Oyuna beyaz başlar ve oyuncular sırayla bir taşla oynarlar (İstisnâ: Rok). Böyle iki kişinin arka arkaya birer kere satranç taşlarından birin hareket ettirmelerine hamle denir. Bununla berâber satranç notasyonu, her zaman bir beyaz ve bir siyah taş hareketine bir sayı eşlemekte ve buna bir hamle demektedir. Bu bağlamdan genelde ne ifâde edilmek istendiği anlaşılmakla berâber bâzen bir oyuncunun yaptığı harekete yarı hamle de denir. Satrançta hamle sırası geldiğinde sıra gelen oyuncunun oynama zorunluluğu vardır (Alm.İng. Zugzwang (okunuşu [tsug tsvang])).
Bir karede en fazla bir taş durabilir. Taş, o alanda durduğu sürece bütün diğer taşlar için o kareyi kendi taşları için bloke eder. Karşı tarafın taşları için bu böyle değildir. Bir taşın gitmek istediği hedef karesinde rakibin bir taşı durmaktaysa bu taş, kendi taşını o alana koymak isteyen oyuncu tarafından önce tahtadan uzaklaştırılır, sonra böylece boşalmış olan bu alana kendi taşını koyar. Buna satrançta karşı tarafın taşını almak denir.
Bir satranç taşı öbür hamlede vurulabilecek konumdaysa bu taş tehdit altındadır. Eğer akabindeki yarı hamlede onu alan taşı da almak mümkünse bu taş korunmuştur.
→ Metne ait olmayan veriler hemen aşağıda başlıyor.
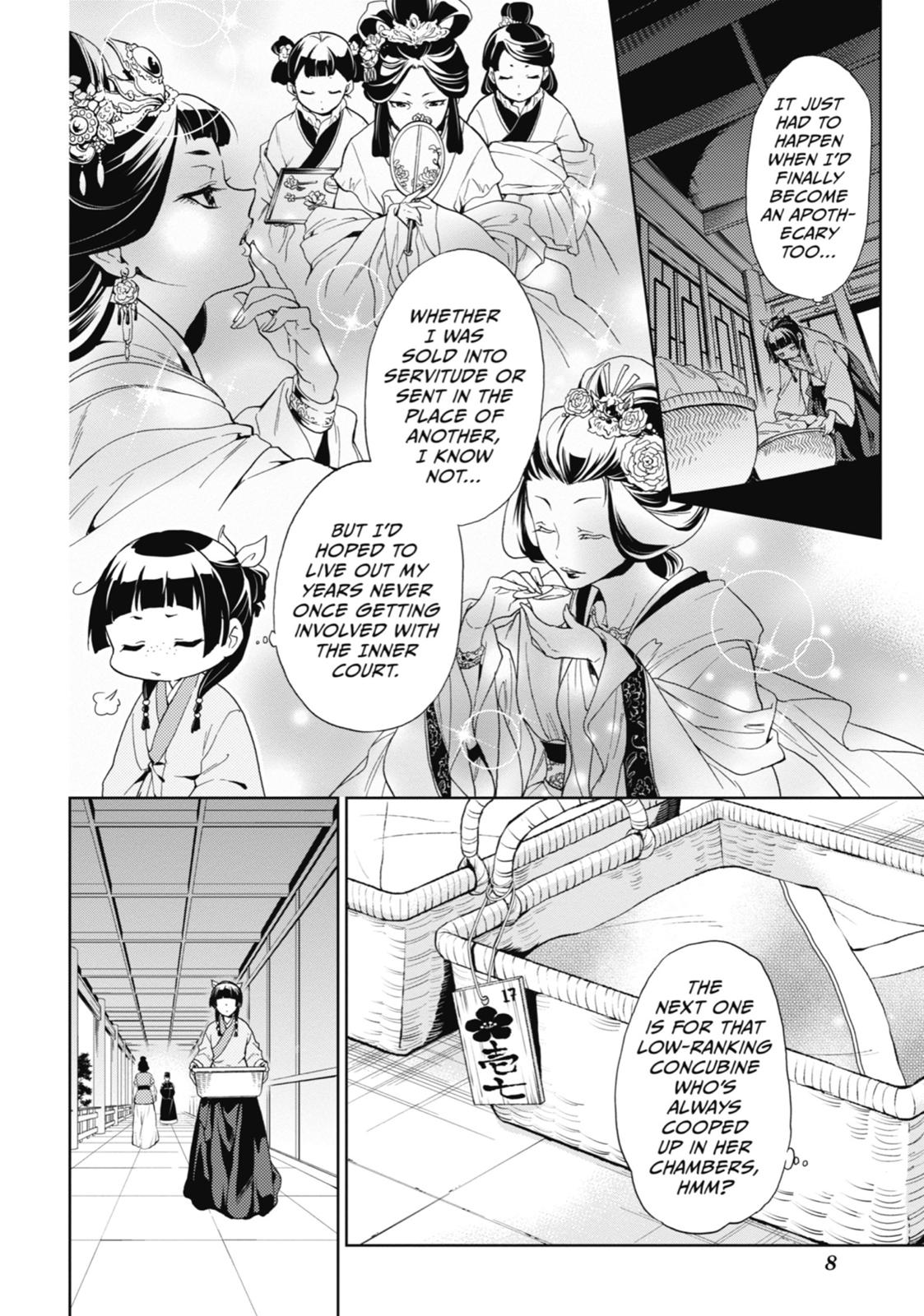 Read The Apothecary Diaries ENGLISH Manga Online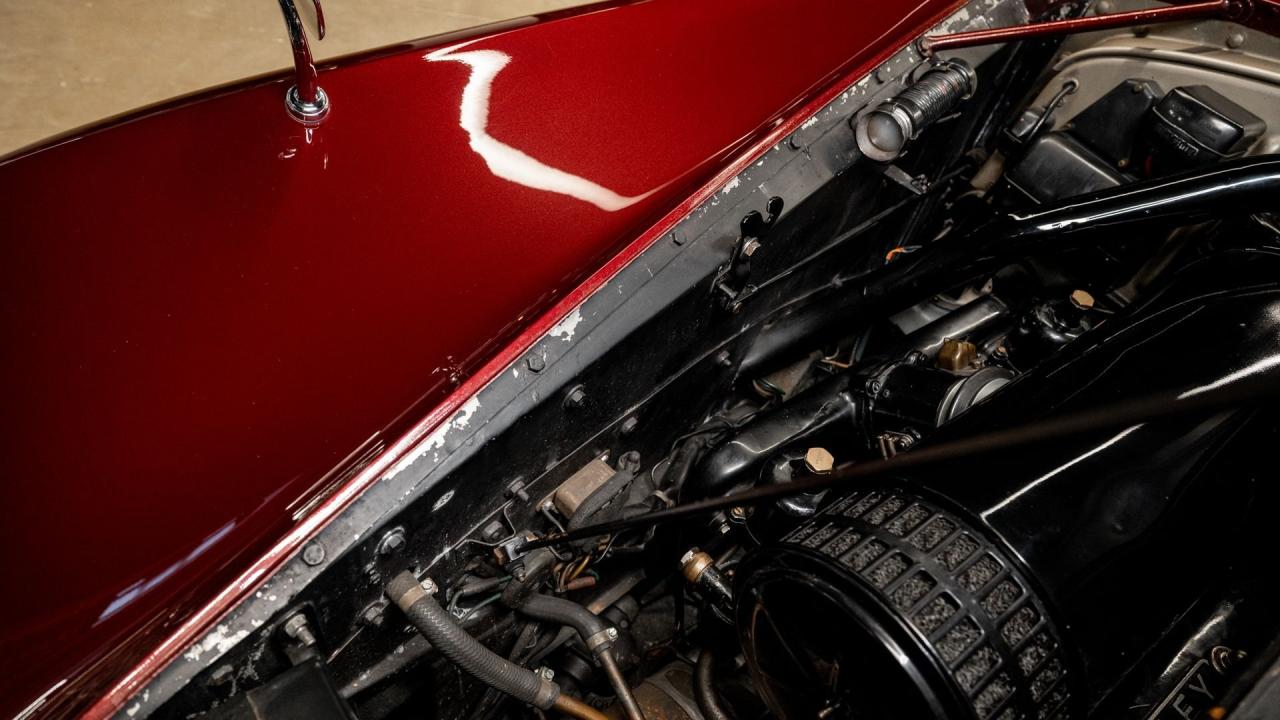 1954 Bentley R-Type Continental H.J. Mulliner Sports Saloon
Şahlardan biri bir hamleyle tehdit altına girerse bu durumu oluşturan oyuncu, karşı tarafa Şah! diyerek îkâz eder. Eskiden karşı tarafı îkâz mecbûriyeti var idiyse de bugünkü turnuvalarda artık bu alışılagelmiş değildir ve FİDE kurallarında bulunmamaktadır. Şah verilince karşı tarafın tedbir alması gerekmektedir. Oyunun hedefi, öyle bir pozisyon oluşturmaktır ki bu pozisyonda karşı tarafa şah verilmiş olsun ve o şahı korumak mümkün olmasın (şah mat).